Less taste for tea tests India's growers
Weak markets, low prices buffet northeast region.
| DIBRUGARH, INDIA
Like his father, his grandfather, and all his forebears going back seven generations, Rana Tanti's life revolves around leaves of tea.
A worker at a 130-hectare tea plantation in the verdant upper Assam valley, in India's remote northeast, Mr. Tanti was born in a plantation hospital, educated in tea-company schools, and now earns his keep spraying pesticide on the knee-high bushes that are his state's largest industry.
But his children? "They will study, go to university, and take a job somewhere else," Tanti asserts.'
Times are changing in Assam's tea country. Buffeted by sagging global markets and the growing preference of urbane young Indians for coffee and cola, wholesale tea prices have sunk to $1.33 per kilogram from$1.77 in 2000.
It's a crisis that could throw thousands out of work - and threatens the economy and the volatile social fabric of this neglected corner of India, struggling to recover from decades of insurgency, corruption, and underdevelopment.
The industry is "passing through the worst crisis in 170 years," says K.K. Saharia, who heads the Bharatiya Cha Parishad, a teagrowers group, at its annual meeting. "The fear of thousands of workers and employees facing unemployment has become very real."
For decades, India did a brisk trade in Assam tea with the Soviet Union and then the Russian Federation, selling more than 100 million kilograms a year. "The Russians weren't quality conscious,'' says L.P. Chaliha, a tea broker in Assam's commercial capital, Guwahati.
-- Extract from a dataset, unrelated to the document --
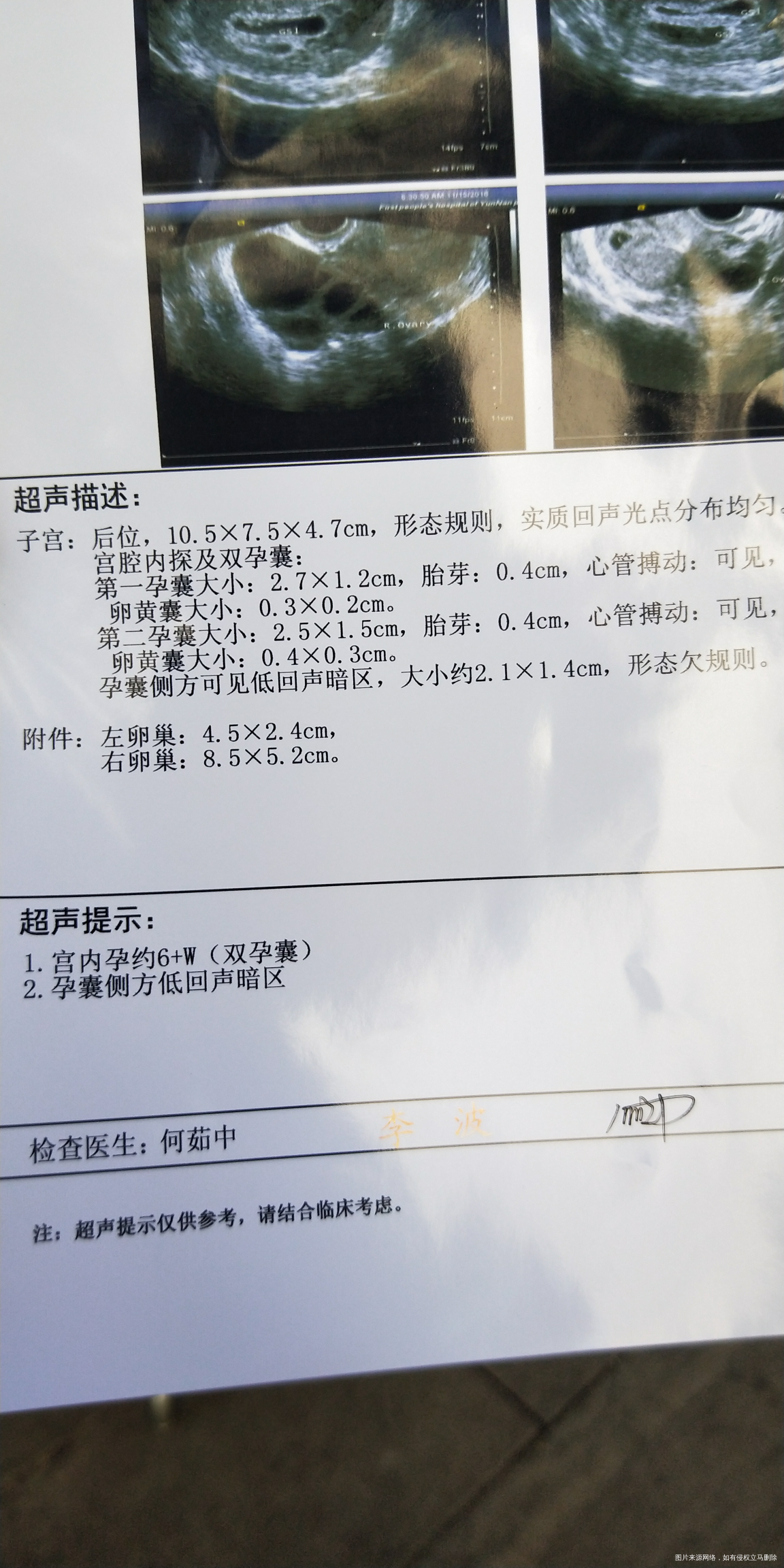 今天一超发现暗区,求助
Bulk sales encouraged a focus on volume over quality. But the good times ended with Russia's economic crash of 2000. When it resumed buying, it was from a cheaper source: government- subsidized plantations in Sri Lanka.
"Because of our overdependence on the former USSR, a lot of things fell behind in research and development,'' Mr. Chaliha says. "When 54 percent of your population is under 25 you need to find a new way to attract them to tea.''
But coffee bars modeled on Starbucks have proliferated in most Indian cities and are packed with teens and service-industry workers. Top movie stars hawk Coca-Cola while tea hardly merits a mention.
Last year, the industry lost another bulwark: Iraq. Assam exported 43 million kilos to Iraq in 2002 under the UN food-for-oil program. The US-led war stopped that, at least for now. Planters are now pinning their hopes on possible deals with India's rival Pakistan - home to an estimated 100 million tea drinkers - as part of the nascent peace process.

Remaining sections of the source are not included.